*What is being asked*
Please give the records below again in full, exactly, with the images left out.

*Available records*
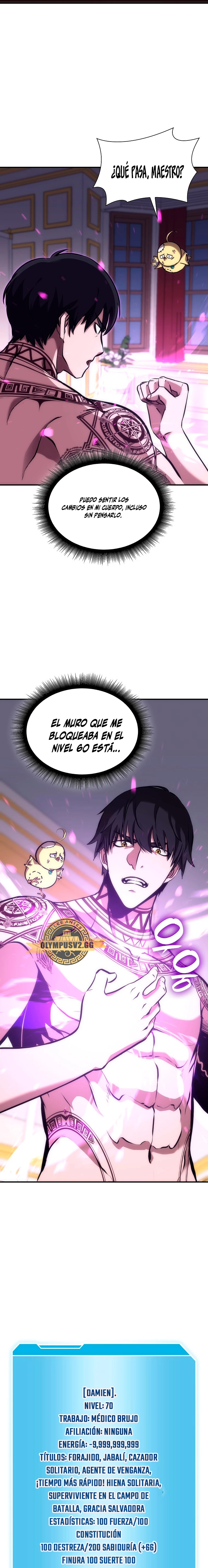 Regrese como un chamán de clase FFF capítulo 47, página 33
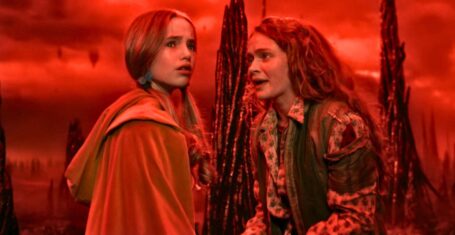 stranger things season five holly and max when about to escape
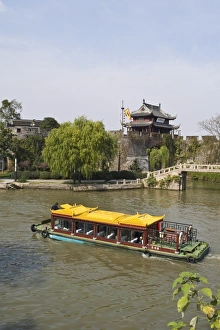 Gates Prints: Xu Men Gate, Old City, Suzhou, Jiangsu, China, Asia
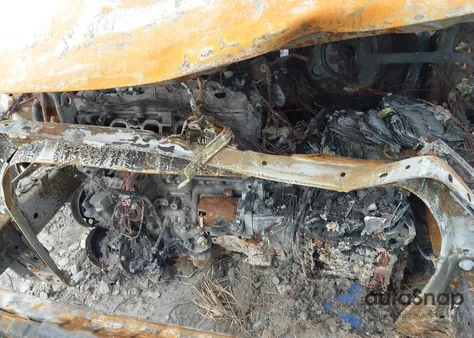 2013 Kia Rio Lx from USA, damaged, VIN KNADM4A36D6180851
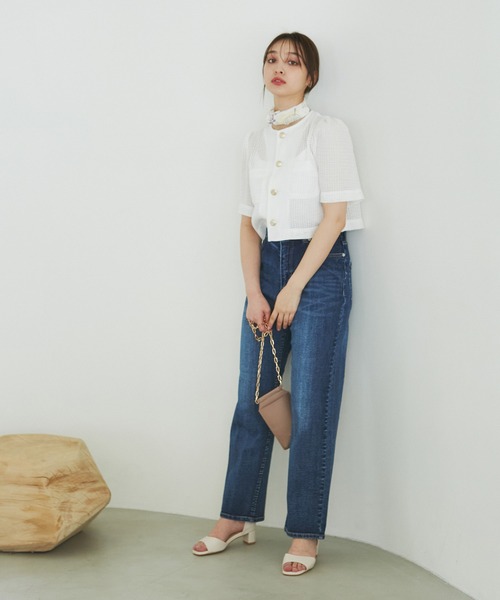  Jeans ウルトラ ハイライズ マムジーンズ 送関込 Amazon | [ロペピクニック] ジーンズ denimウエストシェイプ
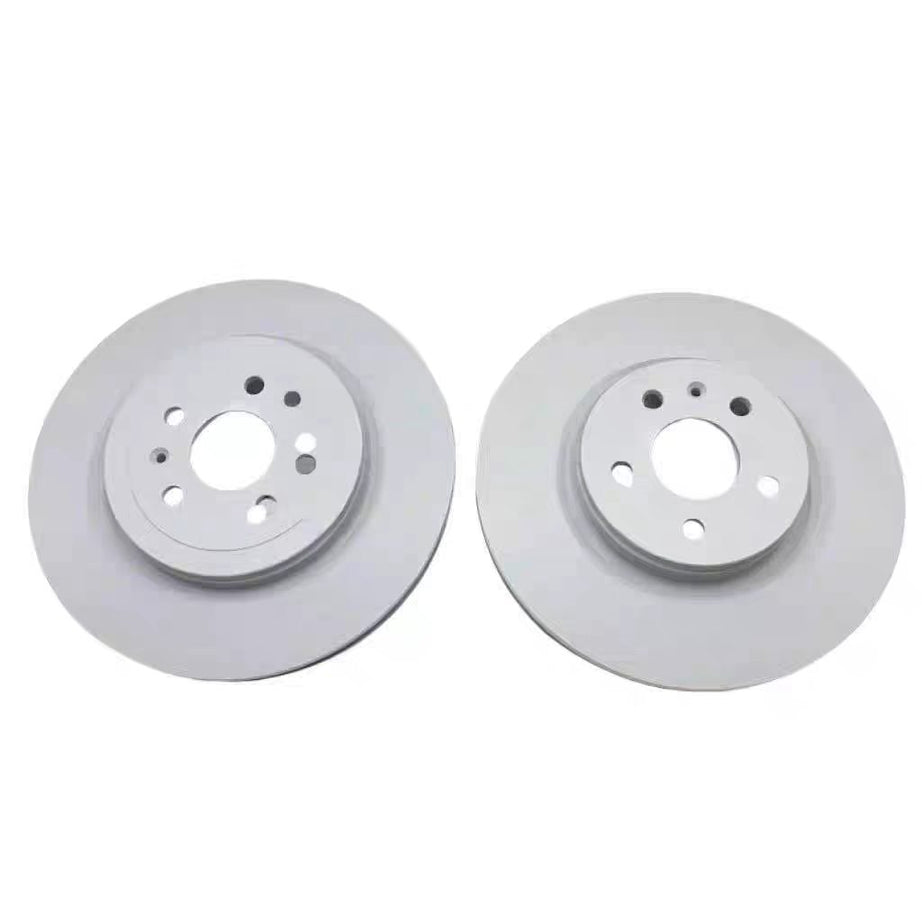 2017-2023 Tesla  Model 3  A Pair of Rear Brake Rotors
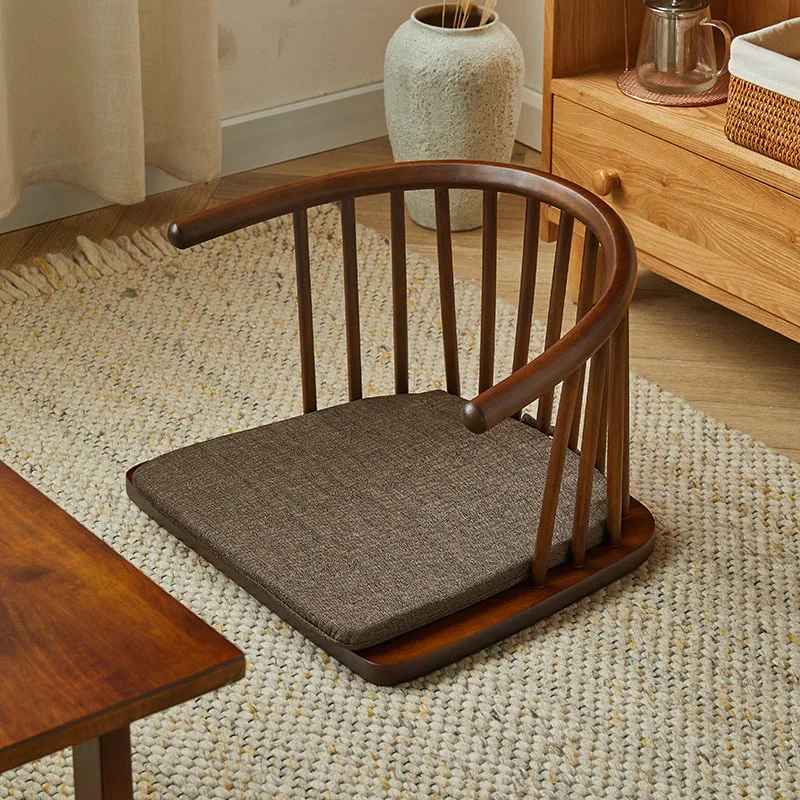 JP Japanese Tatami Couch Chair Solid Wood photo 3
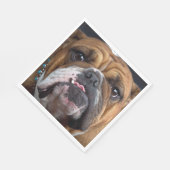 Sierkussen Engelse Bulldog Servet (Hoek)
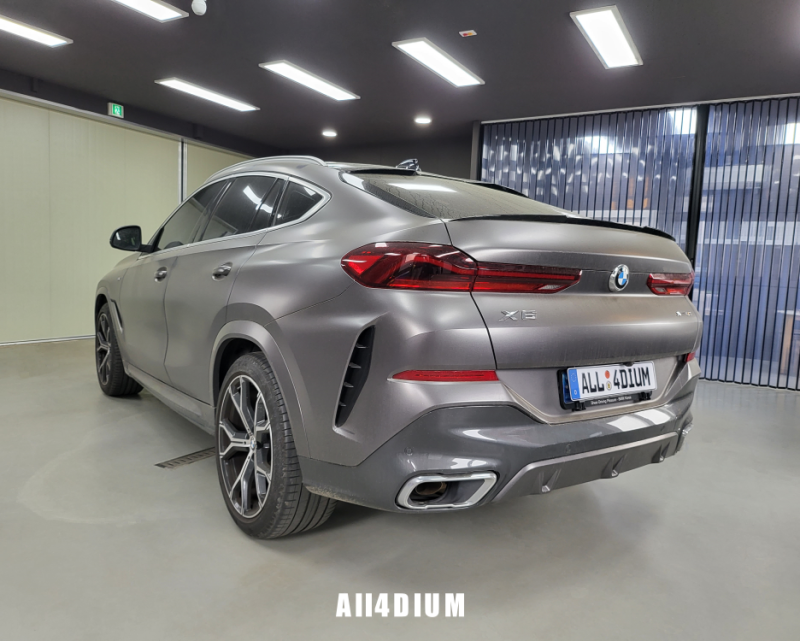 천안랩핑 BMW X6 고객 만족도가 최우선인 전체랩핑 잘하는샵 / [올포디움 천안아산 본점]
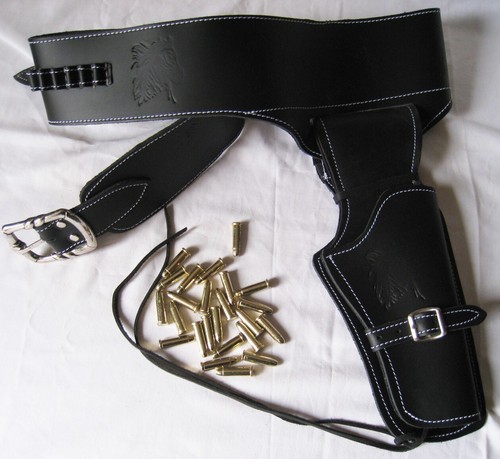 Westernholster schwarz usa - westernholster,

*Result of the task*
 Regrese como un chamán de clase FFF capítulo 47, página 33
 stranger things season five holly and max when about to escape
 Gates Prints: Xu Men Gate, Old City, Suzhou, Jiangsu, China, Asia
 2013 Kia Rio Lx from USA, damaged, VIN KNADM4A36D6180851
  Jeans ウルトラ ハイライズ マムジーンズ 送関込 Amazon | [ロペピクニック] ジーンズ denimウエストシェイプ
 2017-2023 Tesla  Model 3  A Pair of Rear Brake Rotors
 JP Japanese Tatami Couch Chair Solid Wood photo 3
 Sierkussen Engelse Bulldog Servet (Hoek)
 천안랩핑 BMW X6 고객 만족도가 최우선인 전체랩핑 잘하는샵 / [올포디움 천안아산 본점]
 Westernholster schwarz usa - westernholster,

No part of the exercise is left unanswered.